• TASK ITEM
Give back every record below precisely as written.

Brief descriptive captions:
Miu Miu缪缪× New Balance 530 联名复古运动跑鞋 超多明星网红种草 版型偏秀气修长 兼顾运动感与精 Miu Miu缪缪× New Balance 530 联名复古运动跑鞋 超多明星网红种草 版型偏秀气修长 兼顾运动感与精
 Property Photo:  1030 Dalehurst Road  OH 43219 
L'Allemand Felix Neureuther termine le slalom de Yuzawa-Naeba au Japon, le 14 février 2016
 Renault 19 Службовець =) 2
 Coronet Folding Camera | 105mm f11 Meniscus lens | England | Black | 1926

• TASK ANSWER
Miu Miu缪缪× New Balance 530 联名复古运动跑鞋 超多明星网红种草 版型偏秀气修长 兼顾运动感与精 Miu Miu缪缪× New Balance 530 联名复古运动跑鞋 超多明星网红种草 版型偏秀气修长 兼顾运动感与精
 Property Photo:  1030 Dalehurst Road  OH 43219 
L'Allemand Felix Neureuther termine le slalom de Yuzawa-Naeba au Japon, le 14 février 2016
 Renault 19 Службовець =) 2
 Coronet Folding Camera | 105mm f11 Meniscus lens | England | Black | 1926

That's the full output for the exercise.